Check risks to ensure financial stability – BoG to banks

First Dep. Governor of the BoG, Mr Millison NarhFirst Dep. Governor of the BoG, Mr Millison Narh

Deputy Governor of the Bank of Ghana, Millison Narh, has urged financial institutions in the country to put in place coordinated liability and asset management systems and procedures to cushion them from the risks associated with their operations.

Opening a four-day workshop on strategic assets and liability management for selected banks in Accra, he said banks take on varied degrees of risks in the cause of providing fiscal support for economic growth; and, for that matter, an effective and comprehensive risk mitigation system helps them to beat down market and internal risks.
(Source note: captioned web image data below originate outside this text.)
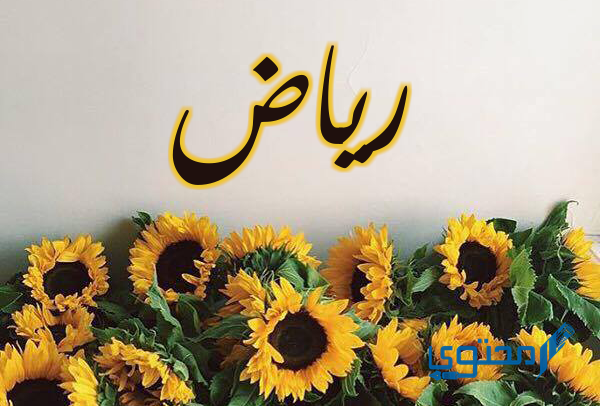 معنى اسم رياض وصفات حامل اسم (Riyad)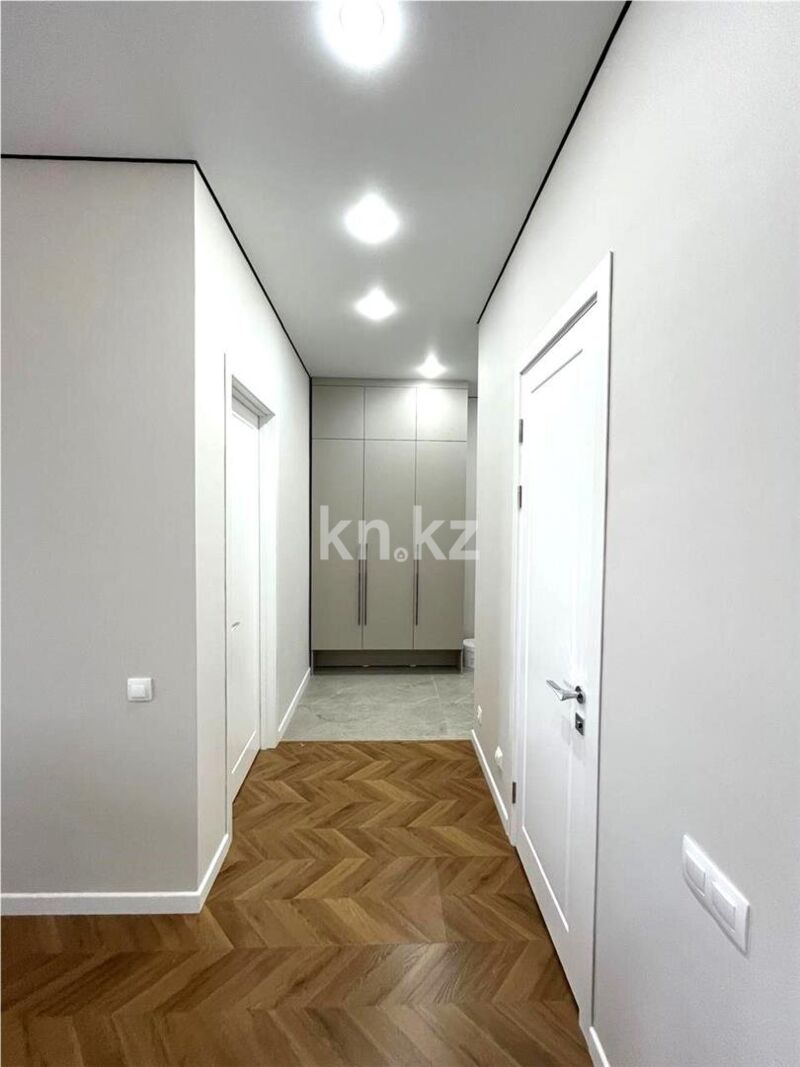 Продажа 2-комнатной квартиры, 60 м² - Продажа  двухкомнатных квартир в новостройках Караганды фото 7 из 9
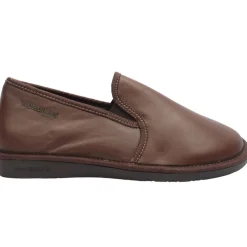 Mens 663 Slipper - Tan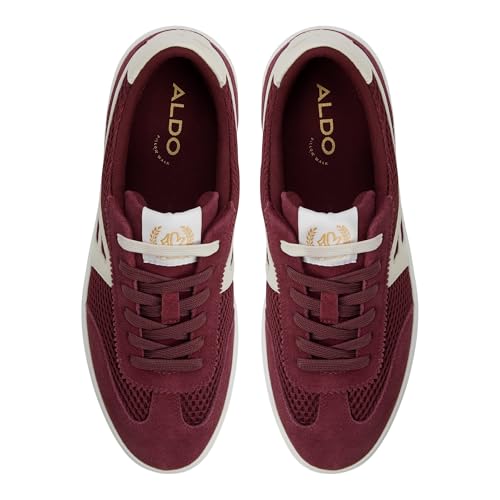 Aldo CLUBTRAINERA Men's Bordo Sneakers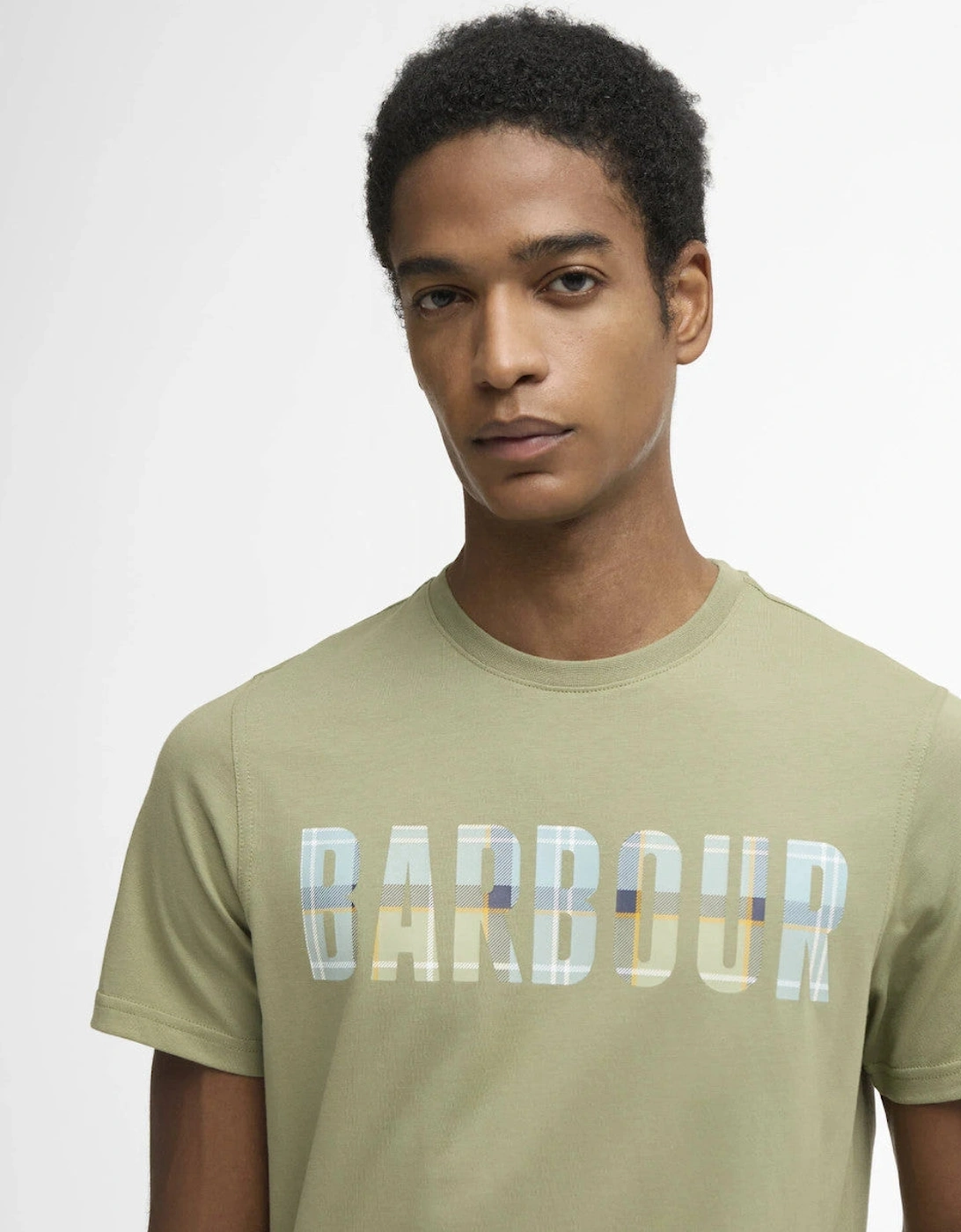 Thurford T-Shirt GN34 Laurel Green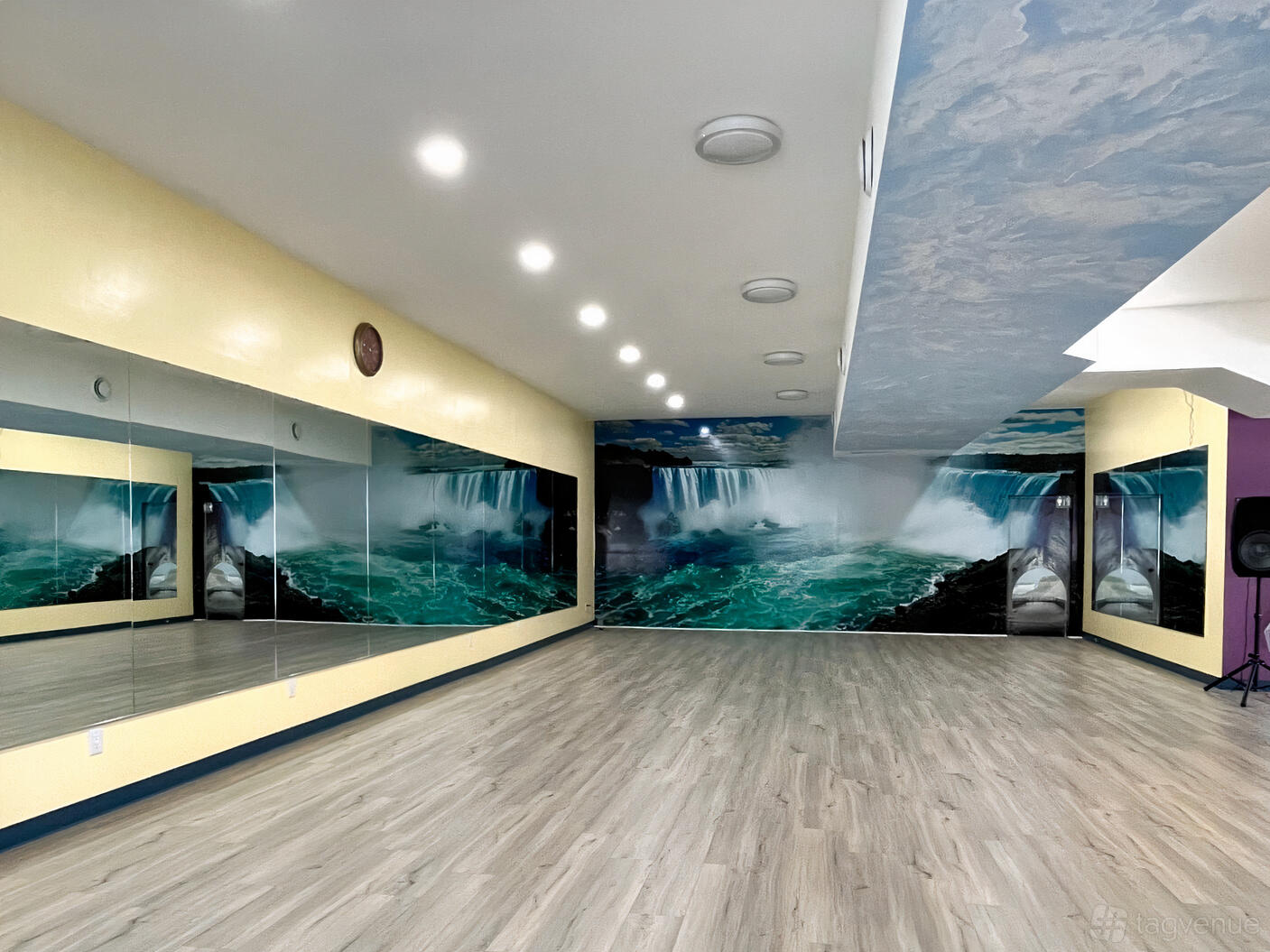 Crystal Falls Studio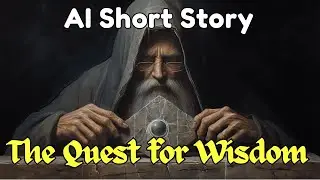 Asking AI to Create a Fantasy Short Story | Quest for Wisdom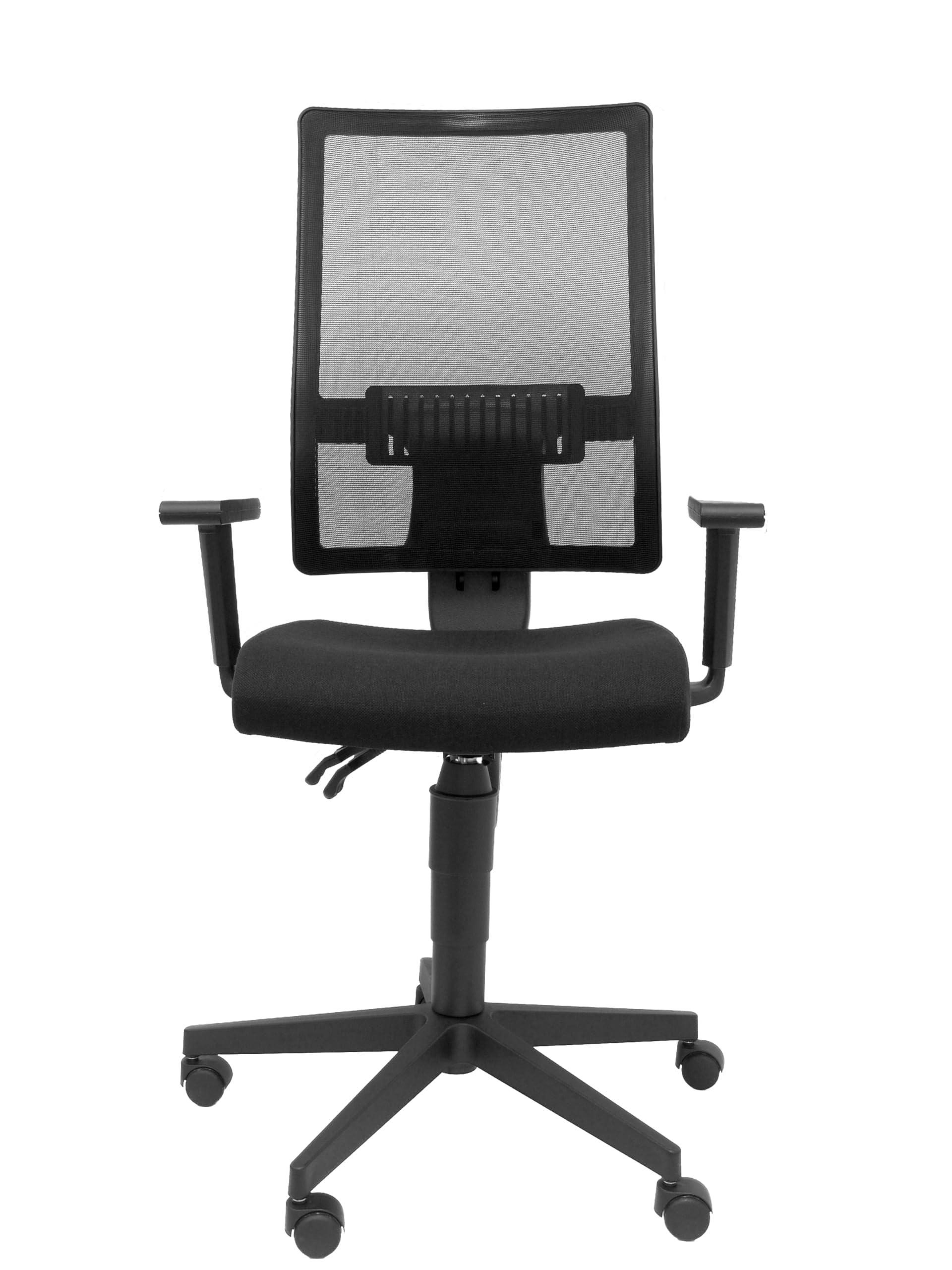 Piqueras Y Crespo Panama Silla, Otro, Negro, 54.00x46.00x128.00 cm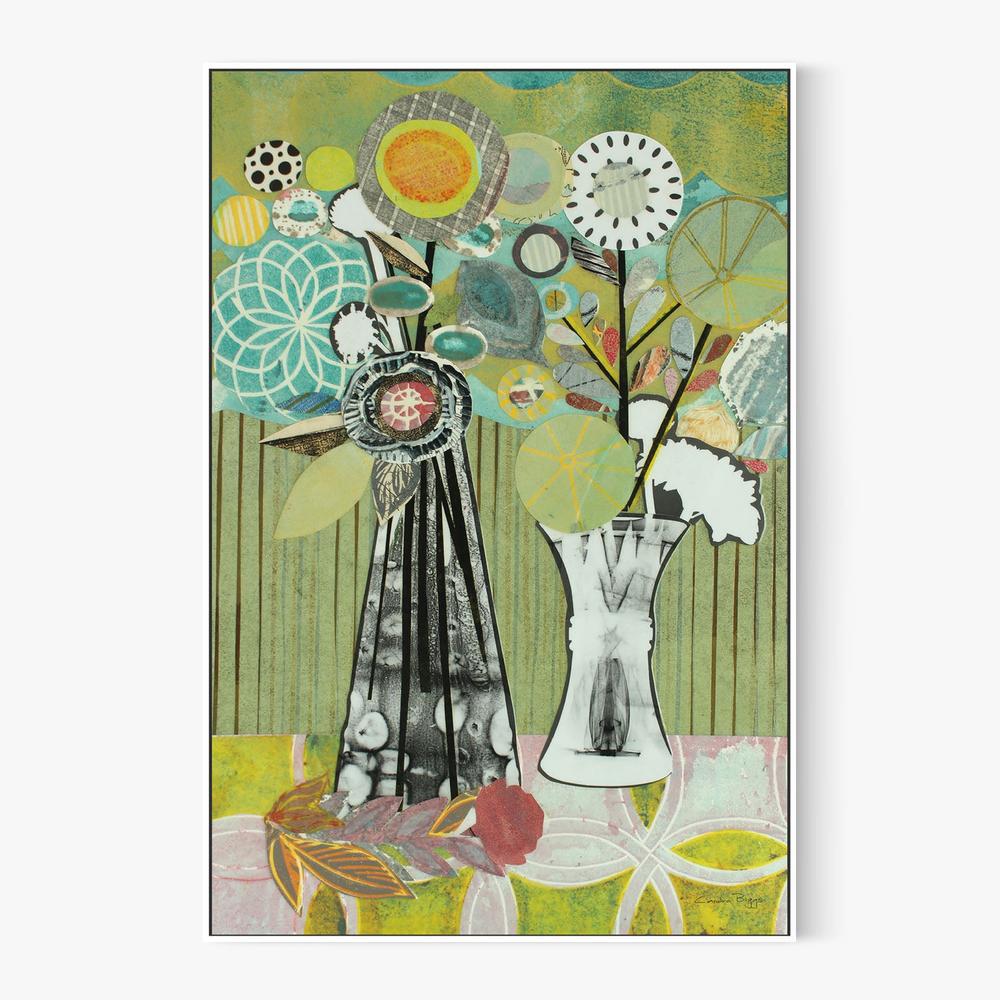 Arrangement-by-Candra Boggs-wall-art-print-canvas-poster-framed-Gioia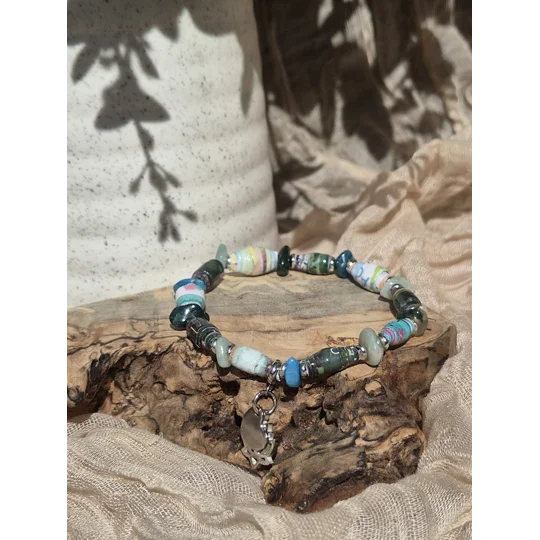 The Root & Sky Bracelet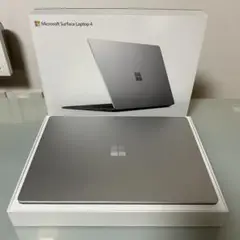 Microsoft Surface Laptop 4 13.5"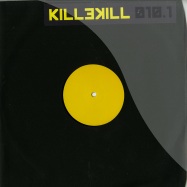 Front View : Various Artists - MEGAHITS PT.1 - Kille Kill / Killekill 10.1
“Financial institutions play an important role in growing an economy, and in the process they take on varied degrees of risk such as credit, market and liquidity risks, among others.

“Proper risk management systems and procedures are therefore needed by banks to mitigate all these associated risks; liability and asset management should not be treated as a piece-meal management of the bank’s entire balance sheet,” he said.

Mr. Narh also implored the banks to train their Treasury and operational staff to acquire adequate understanding about current principles of risk mitigation, thus being enabled to harness available resources and ensure financial stability.

“A comprehensive LAM policy framework focuses on bank profitability and long-term viability by targetting net interest rates and margin ratio and net economic value, subject to constraints in its financial position.

Significant among the constraints are maintaining credit quality, meeting liquidity needs, and obtaining sufficient capital,” he said.

Assets and liability management is the process targetted at mitigating the risk faced by a bank due to a mismatch between assets and liabilities arising from changes in liquidity or interest rates.

The workshop, which was organised by Ghana International Bank (GHIB) as an expertise and knowledge-sharing act, provided participants with insights on how to categorise, monitor and manage risks within banks, and a detailed understanding of how a bank’s capital should be allocated based on risk from both regulatory and management perspectives.

GHIB’s General Manager, Operations, Mark Arthur, shared with B&FT the idea behind the training and its associated impact on economic growth: “Obviously, banks play a critical role in the economy of any country, and Ghana is no exception; and if they are to play role effectively, then they will have to identify, quantify, measure and mitigate the risks that are associated with what they do.

"It’s only when banks are able to do this that they can strengthen the banking sector and in the long run push growth of the Ghanaian economy. In the next four days we will be discussing issues around strategic assets liability management and risks in banks, leveraging on GHIB’s rich expertise in the field to empower local banks in cushioning against interest rate volatilities, as well as liquidity and other operational risks.”